Raw data:
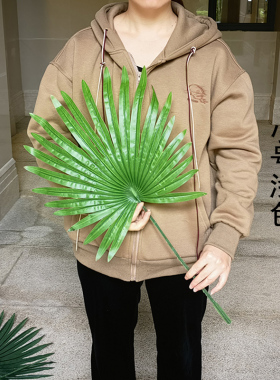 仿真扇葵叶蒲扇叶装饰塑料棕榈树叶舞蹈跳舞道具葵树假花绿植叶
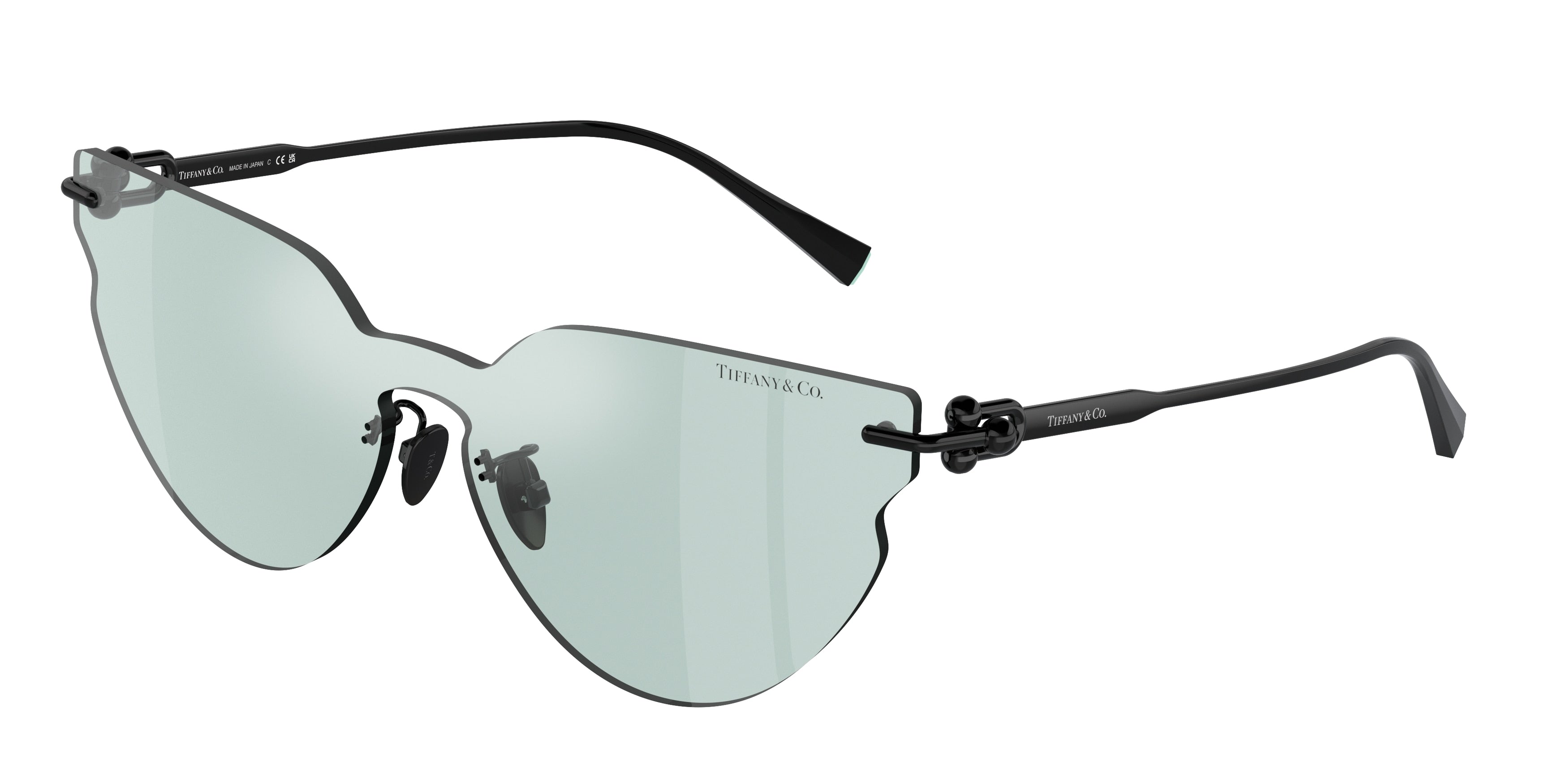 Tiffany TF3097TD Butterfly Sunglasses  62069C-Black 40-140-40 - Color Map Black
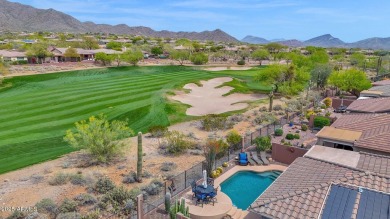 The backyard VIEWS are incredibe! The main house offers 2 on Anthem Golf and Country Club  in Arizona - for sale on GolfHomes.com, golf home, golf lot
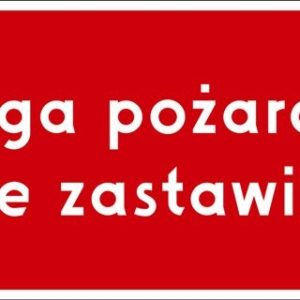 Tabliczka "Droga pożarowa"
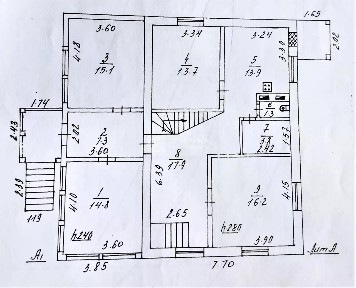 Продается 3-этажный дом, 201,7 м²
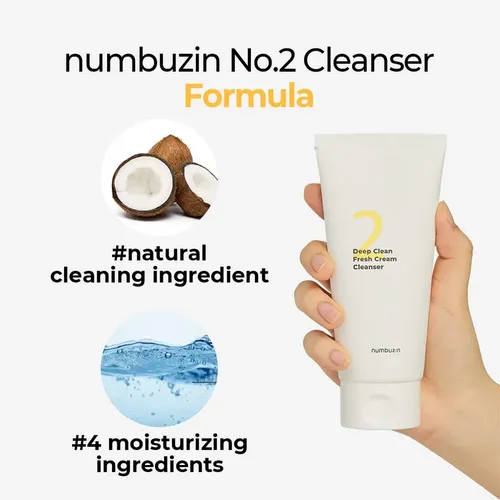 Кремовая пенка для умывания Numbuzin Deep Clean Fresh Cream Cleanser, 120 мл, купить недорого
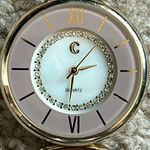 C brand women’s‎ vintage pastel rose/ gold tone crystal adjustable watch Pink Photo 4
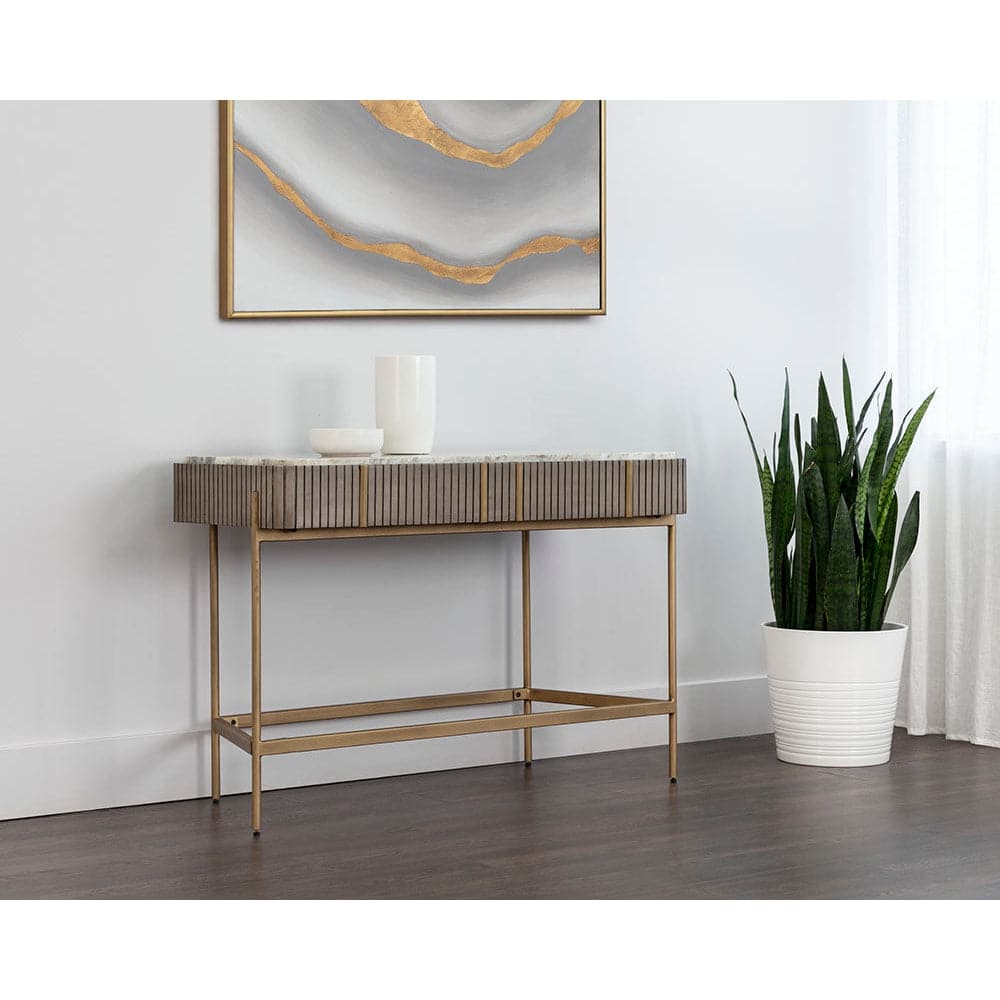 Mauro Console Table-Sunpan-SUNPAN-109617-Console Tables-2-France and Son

Problem requirements: Copy out nothing but text: transcribe the listing exactly and skip each picture.

Written answer:
 仿真扇葵叶蒲扇叶装饰塑料棕榈树叶舞蹈跳舞道具葵树假花绿植叶
 Tiffany TF3097TD Butterfly Sunglasses  62069C-Black 40-140-40 - Color Map Black
 The backyard VIEWS are incredibe! The main house offers 2 on Anthem Golf and Country Club  in Arizona - for sale on GolfHomes.com, golf home, golf lot
 Tabliczka "Droga pożarowa"
 Продается 3-этажный дом, 201,7 м²
 Кремовая пенка для умывания Numbuzin Deep Clean Fresh Cream Cleanser, 120 мл, купить недорого
 C brand women’s‎ vintage pastel rose/ gold tone crystal adjustable watch Pink Photo 4
 Mauro Console Table-Sunpan-SUNPAN-109617-Console Tables-2-France and Son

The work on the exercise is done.